The new evaluation system, implemented for the first time this school year, requires that teachers be evaluated annually, unless they’re top-rated. Teachers are then given one of four ratings: accomplished, skilled, developing or ineffective, according to the Ohio Department of Education. As the system stands now, half of a teacher’s evaluation is based on classroom observations and the other half on how much his or her students learn in a year.

Some of that calculation could change. A bill that recently passed the Ohio Senate would decrease the amount based on student performance to 35 percent, instead of 50. The new law would also allow districts to evaluate teachers less often. “Skilled” teachers could be evaluated every other year and “accomplished” could be evaluated every three years. Principals, many of whom have seen their days consumed with the thorough process of completing the first round of evaluations, have supported this proposal.

Even with those adjustments, the system is a big change from what was in place before. Previously, a teacher may have been evaluated every few years, depending on his or her contract. Student performance didn’t have a place in the equation.

“Prior to this, principals were responsible for behavior management, making sure things function,” said Danita Glenn, principal at Trimble Middle School. “That’s no longer the case. The role now is instructional leader.”

Glenn’s job is especially unique; it was created last year specifically to help meet the demands of district-wide initiatives. Half of her time is spent as principal for students in grades 7 and 8. The other half of her position is designed to help the district administer OTES and the Third Grade Reading Guarantee. Though, she admits the time-consuming initiatives leave little room for discipline.

“It’s a huge change,” she continued. “It used to be that one principal would come in for 10 minutes, you’d have a conversation and left. That was true for most people. This is a real evaluation. My job this year is to walk them through the process and make them understand. At first, it was not well received. They (the teachers) didn’t know what it was about.”

The rubric used in the evaluation system is designed to identify a teacher’s weakness and then to ultimately develop a plan to help that teacher improve, Glenn said. It’s an intensive process that takes time and effort for both teachers and evaluators to do it right. It’s also concerning.

“The teachers are concerned about the way 50 percent of an evaluation is based on a standardized test and not on what the student really has learned or what their true educational growth is,” said John Pugh, a physical education teacher at West Elementary and president of the Athens Education Association.

Still, teachers and administrators across the county have made special efforts to make it a smooth, non-threatening procedure.

Paul Grippa, principal at Athens Middle School, said he hopes some of those changes introduced by the Senate are implemented.

“The people who created the system have underestimated how much time the system is going to require,” he said. “I think it is way too burdensome.”

Grippa has 40 teachers in his building.

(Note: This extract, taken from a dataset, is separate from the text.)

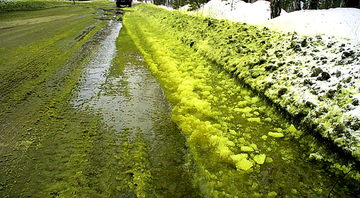 A neve verde nas ruas da cidade - Reprodução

He has to plan for pre-conferences, walk-throughs and post conferences for each of them, while still completing his other duties, which already where a full-time job.

“They didn’t take anything off the plate, but they added a whole lot,” he noted. “To me, that is irresponsible.”

Despite the burden, Glenn sees it as an opportunity.

“I think it’s a step in the right direction,” she said. “Good teachers really feel like somebody is noticing their skills.”